# Easy, Less Expensive, High-Yielding Pork Butt



## jw (Dec 31, 2022)

Is smoked pork butt preferable? Yes. But time wise, it ain’t always feasible, and while this method ain’t smoked, it’ll eat. Pork butt’s a cheaper cut and one goes a long way. Here’s an instant pot recipe that’s relatively quick and tasty.

1. Buy a bone in butt-roast. Remove meat from the bone and cut into large chunks. Put a bit of a “rub” on the meat (garlic powder, paprika, cumin, salt, pepper, cayenne, and chili powder are what I use). Brown the meat with the sautée setting, then set aside.

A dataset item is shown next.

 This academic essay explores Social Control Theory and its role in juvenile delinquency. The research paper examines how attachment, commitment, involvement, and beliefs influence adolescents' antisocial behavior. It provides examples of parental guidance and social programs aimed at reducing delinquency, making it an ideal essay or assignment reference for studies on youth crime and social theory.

2. With the pot still hot, add some water 1/2-1 cup, and do what fancy people call “deglazing,” and scrape the pot to get the potlikker goodies separated. Leave this liquid in then add your meat back. Close the lid and set the thing to sealing.

3. Pressure cook/manual for 80 minutes, and make sure the thing seals. The next step is to remove the meat from the instant pot into an oven safe dish. Season the meat with whatever you’d like and set it under the broiler to crisp to the desire texture. Perhaps switching out sides a few times for even crisp.

4. Once crisped, you can add some juices back to the mixture and serve, or pack it up for your church lunch and evening fellowship meal, which I’m doing right now.

Reactions: Like 3 | Rejoicing 1


----------